Do you have a better solution how to convert today's dates to Stardate? Is there any agreed on (by fans, anyways) standard that I simply missed?
Do you have a better solution how to convert today's dates to Stardate? Is there any agreed on (by fans, anyways) standard that I simply missed?
Oooh, neat question! I remember pondering this when I was a teenager in the 90s.
I actually realized early on that the standard ISO date format is the best: YYYY-MM-DD (although I didn't use hyphens at the time, as stardates don't have hyphens), and started using YYYYMMDD for my digital diary way back then (long lost, sadly, or maybe not SO sadly, if you knew me as a teenager, lol)
But the canonical system of #Stardate as of the TNG era was 40000 + 1000 * season_number + "day", where the "day" was something like (day_of_year / 365 * 999)
So, since season 1 was 1987, the "current" stardate would be something like 2025-1987 + 41 = 79000
As far as the non-sequential order of TOS stardates goes, this is because NBC did not air the episode in the order they were made. They were produced sequentially, but not aired sequentially.
The other problem is that the stardates are tied to the beginning of TNG seasons (in the fall), and not the beginning of calendar years. That makes things more difficult, but I guess the best solution would be to use the number of days since Encounter at Farpoint aired? (1987-09-28)
Here's what I came up with using bash, bc (which you may need to install) and awk:
$ echo "( $(date +%s) - $(date +%s -d 1987-09-28) ) / 365.25 / 24 / 3600 * 1000 + 41000" |bc -l |awk '{printf "%.1f\n", $1}'
78967.2
@mirabilos @nazgul @amin @bugbear
How do you set the decimal precision without -l? I'm a total noob.
@rl_dane @nazgul @amin @bugbear -l just loads the library (for sinus, etc).

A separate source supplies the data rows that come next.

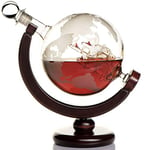 Kemstood Carafe whisky (850 ml) avec globe gravé pour liqueur, bourbon, vodka dans un coffret cadeau haut de gamme – Accessoires de bar pour homme – Pour tous les types de boissons alcoolisées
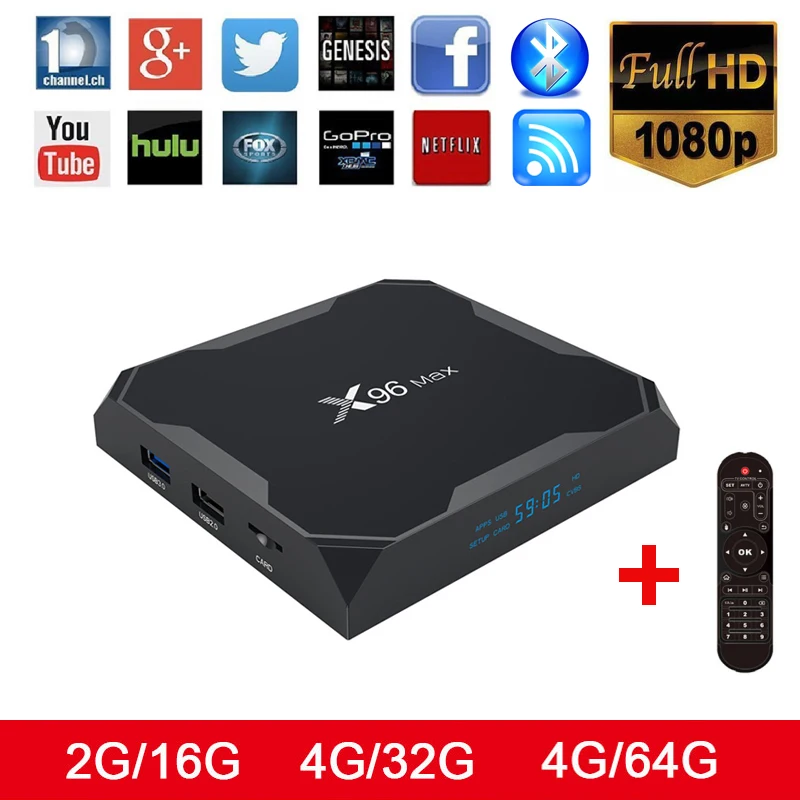 X96 MAX 4K full HD Smart TV Box Android 8.1 Amlogic S905X2 Quad Core 2.4G&5.8G Wifi Bluetooth Media Player Set Top Box X96 MAX 4K full HD Smart TV Box Android 8.1 Amlogic S905X2 Quad Core 2.4G&5.8G Wifi Bluetooth Media Player Set Top Box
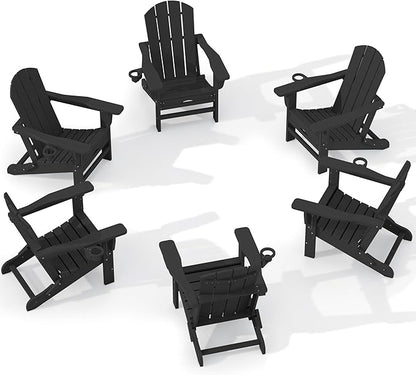 KINGYES Folding Adjustable Adirondack Chair with Retractable Ottoman Set of 6, HDPE All Weather Chair with Cup Holder - Versatile Adirondack Chair, Black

You need set the scale, even if you load the library.
RTFM bc(1), dc(1), 06.bc(USD), 05.dc(USD)
@mirabilos @nantucketlit @amin @nazgul @bugbear
Not dead, "dood" (dude). ;)
@mirabilos @nantucketlit @amin @nazgul @bugbear
Ahhh... Well, the internet says that [dutch is not a serious language] ;)
@mirabilos @nantucketlit @amin @nazgul @bugbear
I still hear Dutch speakers as "this is what American English would sound like to me if I didn't know English, but with an occasional "kh" sound" ;)
@amin @nazgul @rl_dane @bugbear @nantucketlit it varies a lot; the "barok" radio I’m currently listening to’s moderation consists almost wholly of throat sounds with an occasional comprehensible word or two thrown in.
I learn languages by reading/writing, which makes this… challenging.
@mirabilos @amin @nazgul @bugbear @nantucketlit
> I learn languages by reading/writing, which makes this… challenging.
I've often wondered if Korean couldn't be the easiest Asian language to learn, as its writing system (Hangul) is very easy to learn.
@amin @rl_dane @bugbear @nazgul @nantucketlit lots and lots of homoglyphs due to the history of ideographs.
Cymraeg seems nice. No silent letters like Gaelic, and the pronunciation (once you get w and y sorted and remember u is i) is totally straightforward, with a bit of difference between N/S Wales.
@mirabilos @amin @bugbear @nazgul @nantucketlit
That's interesting! I once saw an experiment of mutual intelligibility on YT between a Welsh and Irish (I think) Gaelic speaker, and it was pretty fascinating.
The two languages did sound similar to my (completely untrained) ears, but they had a lot of difficulty understanding each other. As I recall, they had a lot of shared cognates, but not so much a 1:1 between words.